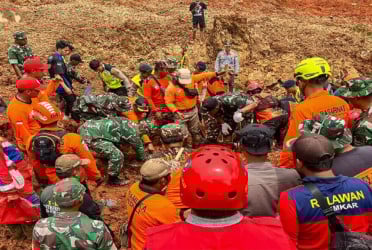 ইন্দোনেশিয়ায় ভূমিধসে ১১ জনের প্রাণহানি, নিখোঁজ ১২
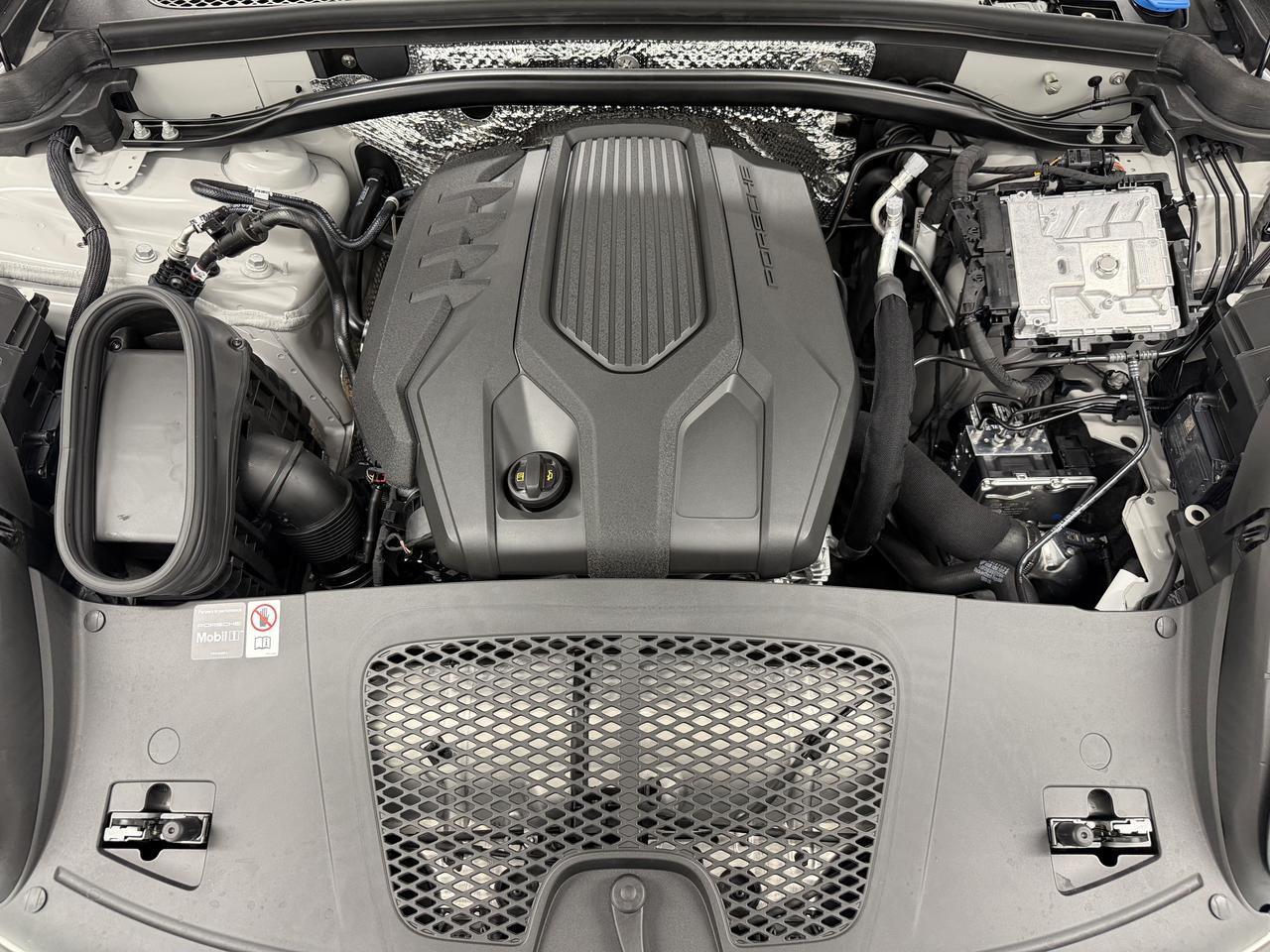 2026 Porsche Macan Newark DE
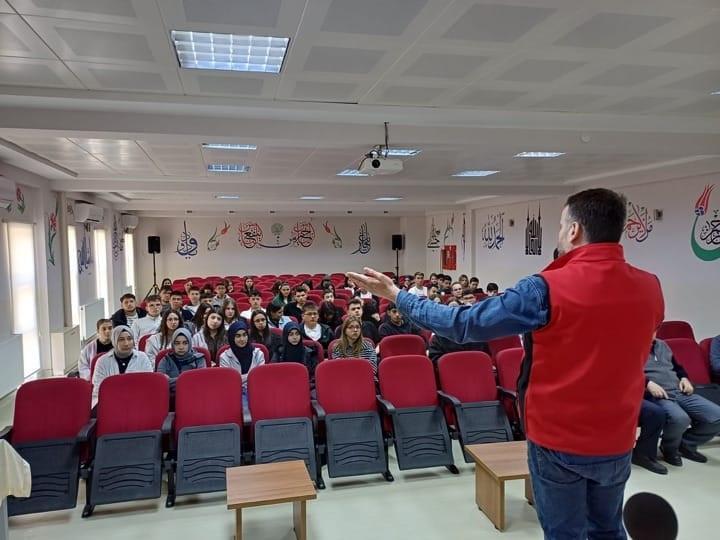 Edirne’de polisten öğrencilere ‘doğru iletişim’ semineri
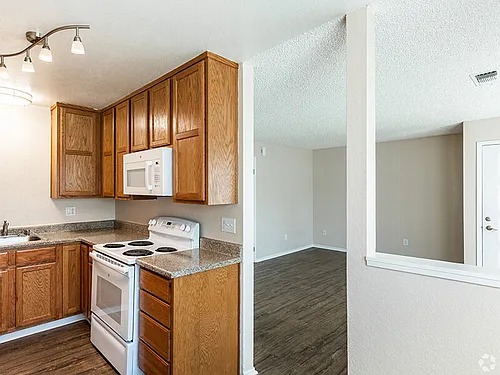 Peachwood Apartments Photo 1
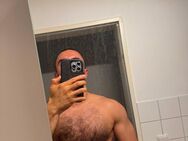 Suche femboy chubby mit dicker arsch - Wuppertal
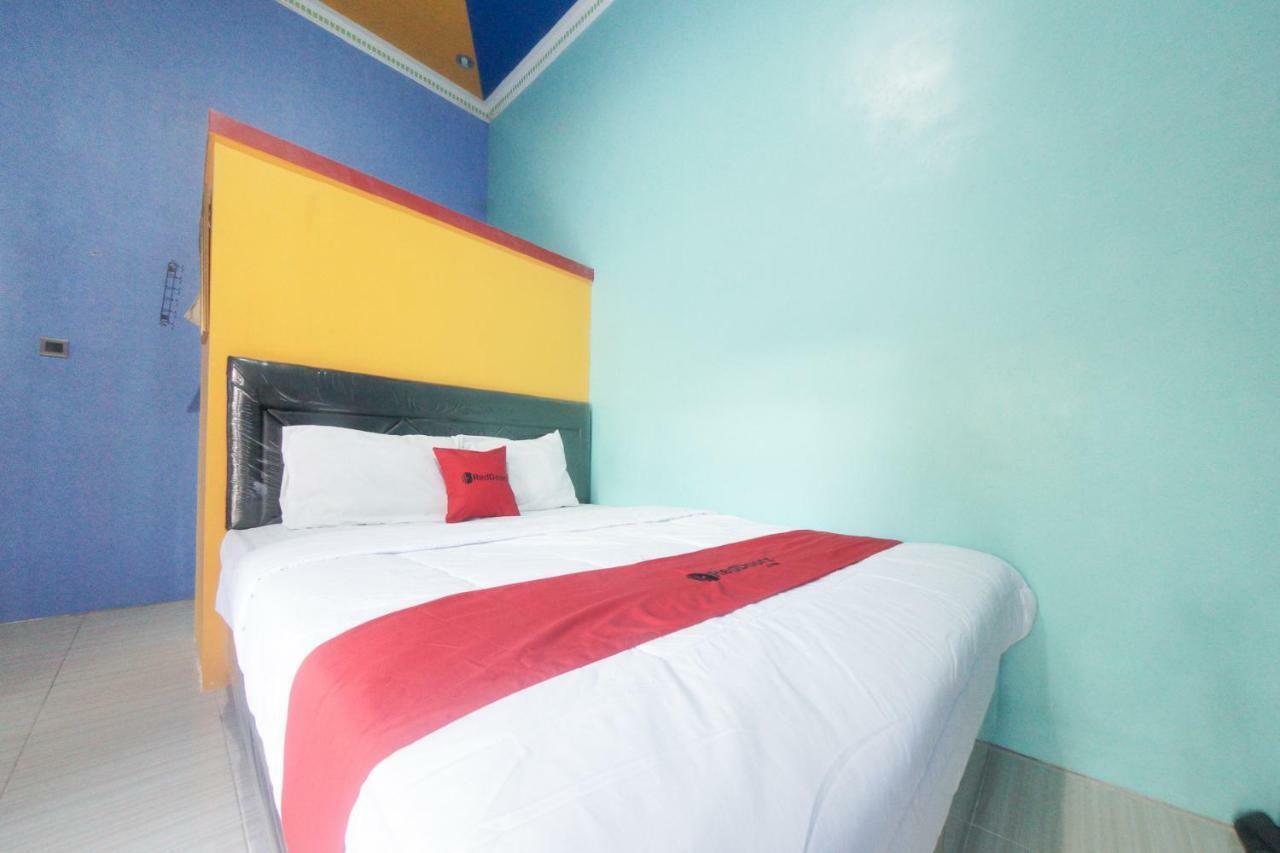Reddoorz Syariah Near Mall Roxy Banyuwangi 2 Екстер'єр фото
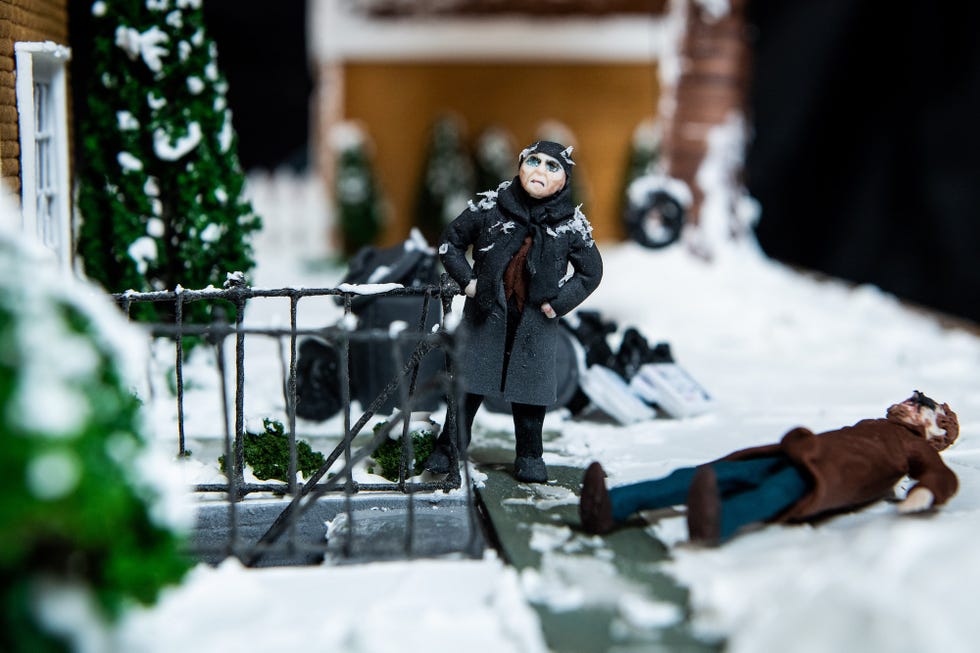 home alone wet bandits harry and marv recreated in gingerbread form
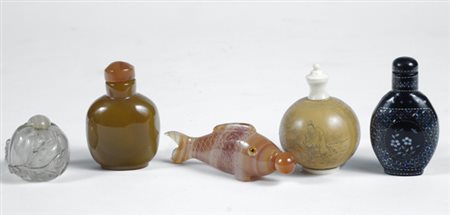 Cinque snuff bottle di varie forme, materiali ed epoche, Cina. € 350/700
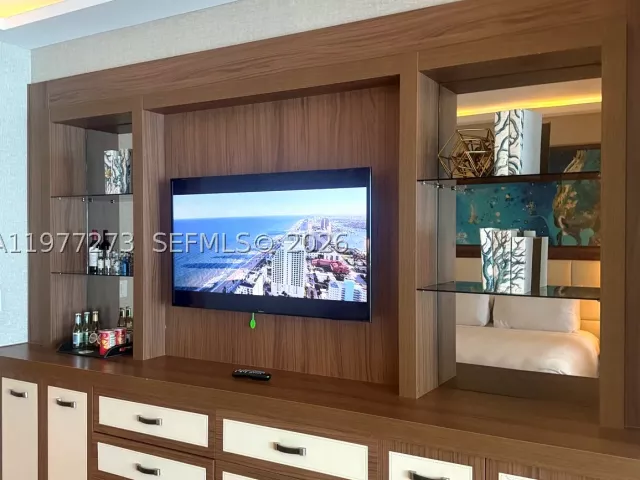 condo for sale in Fort Lauderdale - 551 N Fort Lauderdale Beach Blvd R1810 - MondialRealty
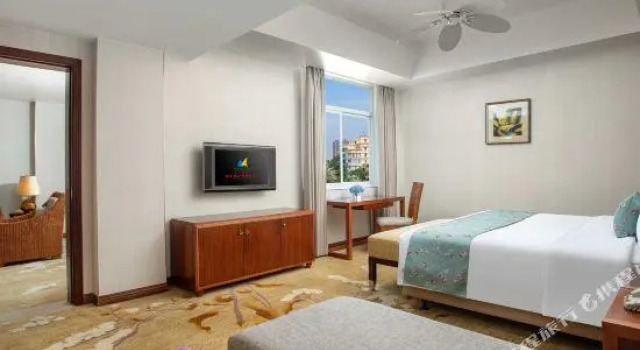 Люкс Superior West Gulf Holiday Hotel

:::

▶ [WORK REQUEST]: Any picture in the material is to be left out, and everything else is to be retyped as is.

▶ [ANSWER TO THE PROBLEM]:
 ইন্দোনেশিয়ায় ভূমিধসে ১১ জনের প্রাণহানি, নিখোঁজ ১২
 2026 Porsche Macan Newark DE
 Edirne’de polisten öğrencilere ‘doğru iletişim’ semineri
 Peachwood Apartments Photo 1
 Suche femboy chubby mit dicker arsch - Wuppertal
Reddoorz Syariah Near Mall Roxy Banyuwangi 2 Екстер'єр фото
 home alone wet bandits harry and marv recreated in gingerbread form
 Cinque snuff bottle di varie forme, materiali ed epoche, Cina. € 350/700
 condo for sale in Fort Lauderdale - 551 N Fort Lauderdale Beach Blvd R1810 - MondialRealty
 Люкс Superior West Gulf Holiday Hotel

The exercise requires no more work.